By way of Judgment no. Gž 5061/2017 dated 17 December 2017, Belgrade’s Appellate Court made a significant ruling declaring the provision on the fee for administration of a loan (which is a very common provision in most loan agreements and is usually designated as a percentage of the amount of the loan), null and void. Namely, according to the court’s opinion, the null and void provision does not sufficiently specify why the fee is related to the amount of the loan and which real costs are reflected in such fee. The mechanism on determination of the fee is not transparent to the borrowers, so the bank can unilaterally determine it, especially having in mind that loan agreements are negotiable only to a limited extent.

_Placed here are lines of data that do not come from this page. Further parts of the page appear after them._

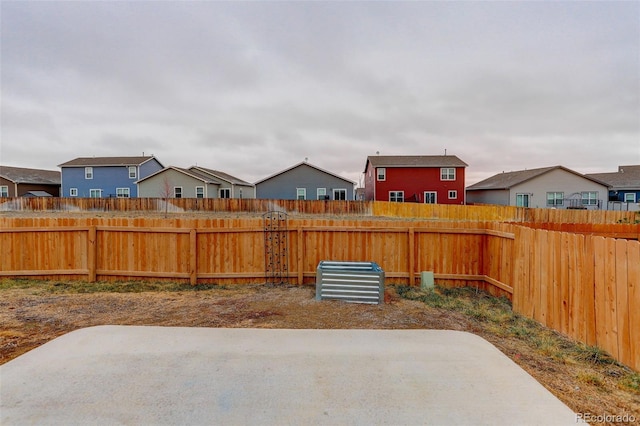 view of yard with fence and a patio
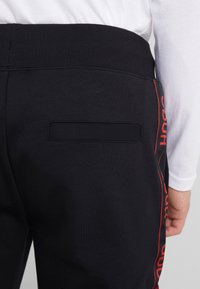 Schwarze Jogginghosen mit einem gerippten Bund, einer Gesäßtasche und roten vertikalen Details an der Seite. Hergestellt aus einem glatten Baumwollmischgewebe.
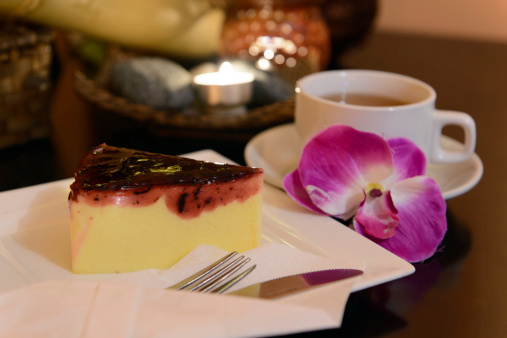 Blueberry cheese cake and herbal tea with spa elements as background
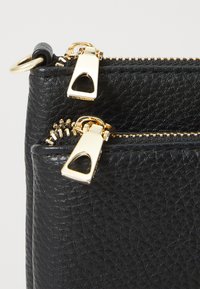 Borsa in pelle nera texture con due zip dorate che presentano un design a taglio triangolare, cucita in modo sicuro e dall'aspetto elegante.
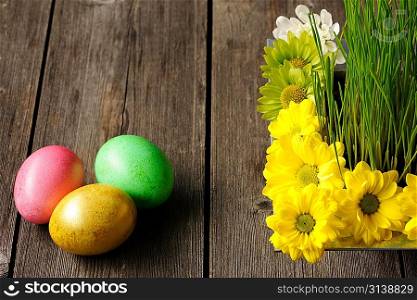 Colored easter eggs on wooden table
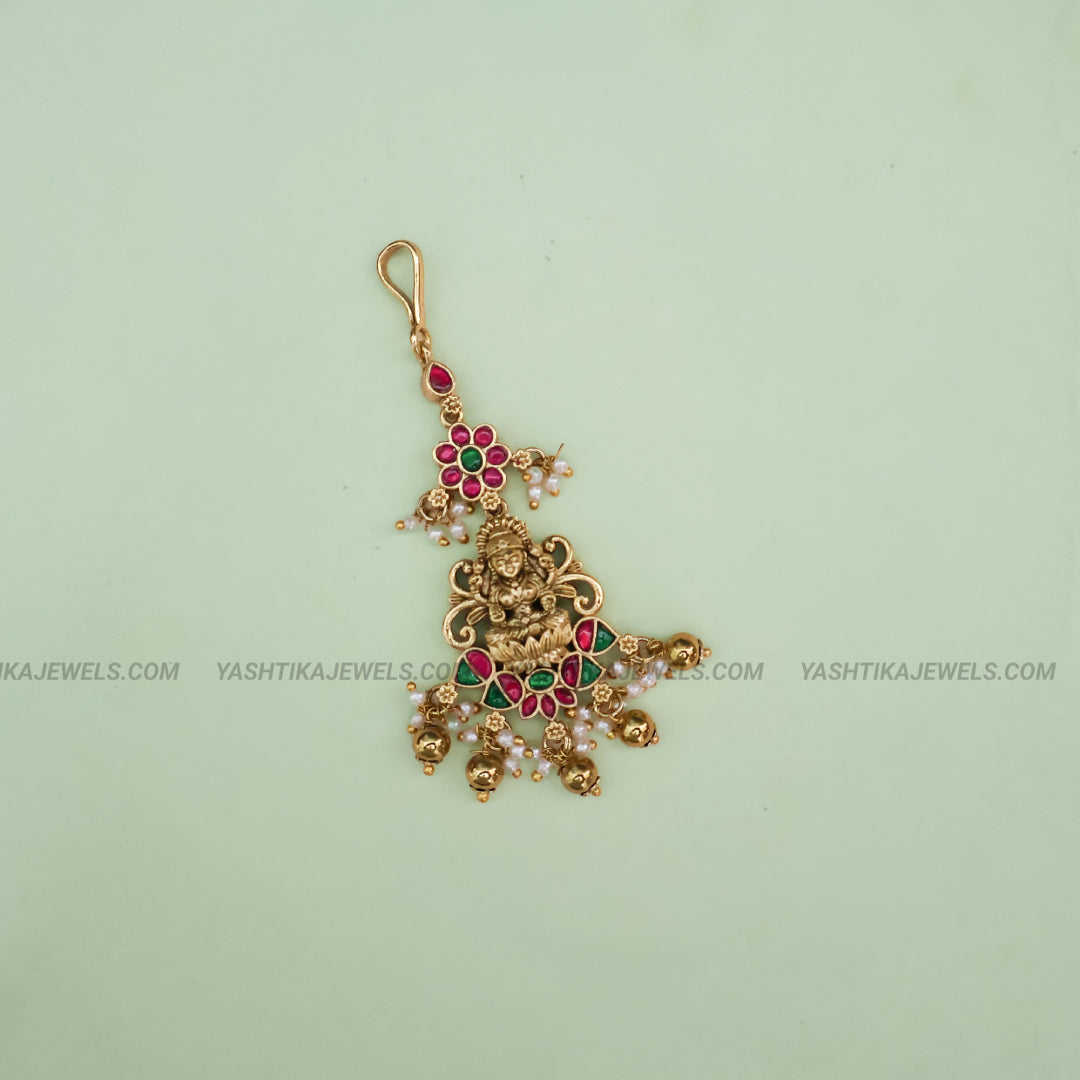 Antique gold brass Lakshmi floral jadau maang tikka with kemp ruby-emerald stones and pearl bead drops - South Indian temple jewelry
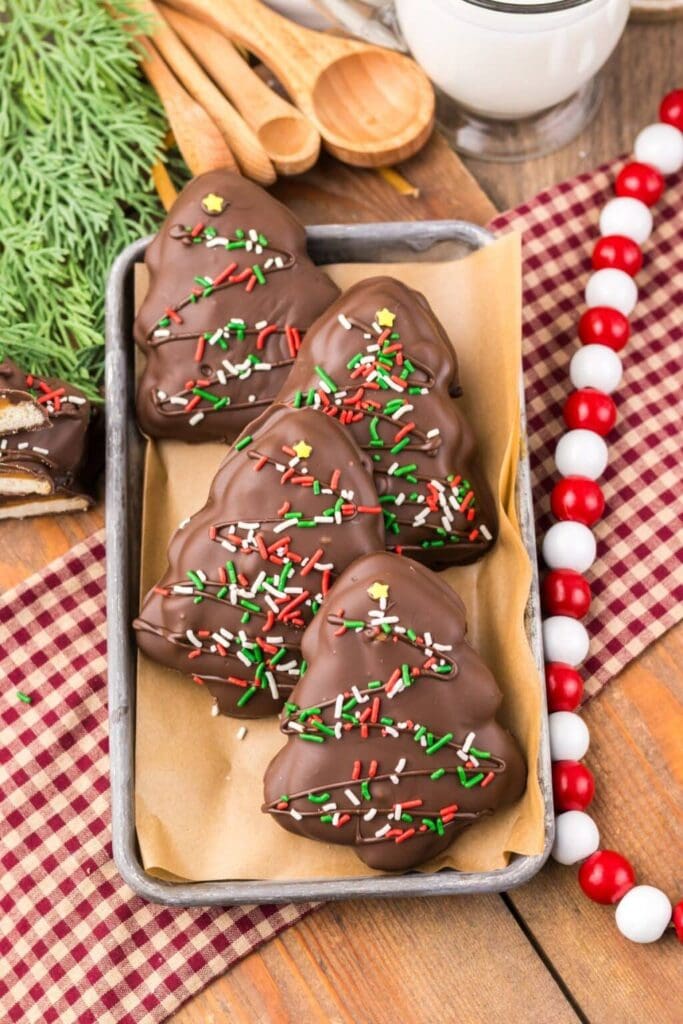 Tray of chocolate Christmas tree treats decorated with red, white, and green sprinkles, topped with yellow stars, set on wooden surface with festive cloth, milk, beads, and pine foliage.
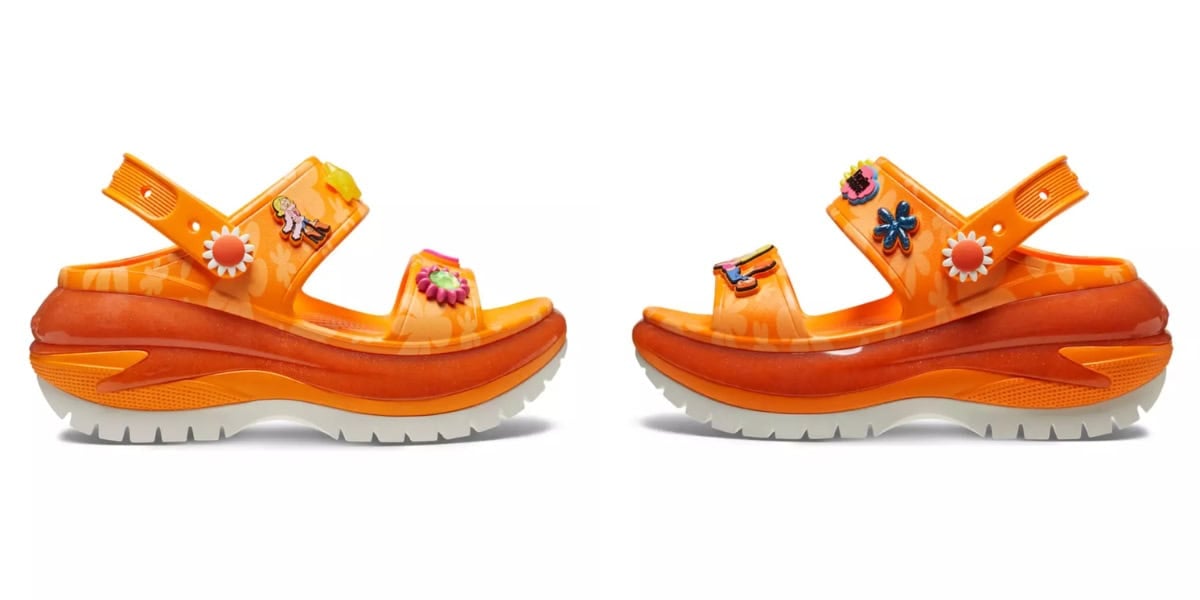 A pair of bright orange sandals with thick soles and decorative floral and insect designs. The straps are embellished with colorful charms, and the soles are white with a textured pattern. The sandals have an open-toe design.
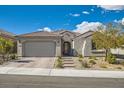 Charming single story home with a two car garage and appealing low maintenance desert landscaping in front at 10456 Skye Arroyo Ave, Las Vegas, NV 89166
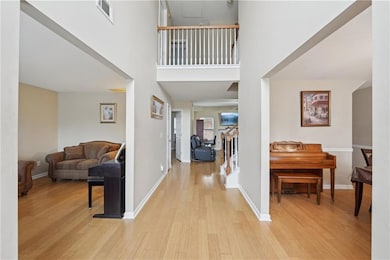 Entrance foyer featuring visible vents, wood finis
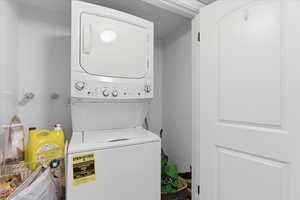 Laundry area with stacked washer and dryer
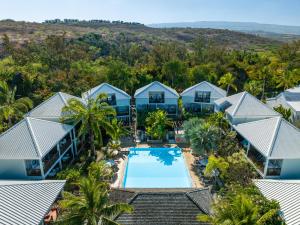 uma vista aérea de um resort com uma piscina e palmeiras em Hôtel Les Créoles em Saint-Gilles-les-Bains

This Judgment can have a huge impact on banks, as it does not rely on the Financial Services Users Protection Act (which applies to natural persons), but on the general civil law provisions – the Contracts and Torts Act. Namely, according to the Contracts and Torts Act, the remuneration for the loan is the agreed interest, so establishing of the fee contradicts the basic principles of civil law, i.e. principle of equal considerations (načelo jednake vrednosti davanja). As a consequence of the provision on the fee being null and void, the bank has to return the amount of fee to the borrower.

Having in mind the above, this decision could have an impact on commercial loans as well, in case the Commercial Courts accepts the opinion of Belgrade’s Appellate Court.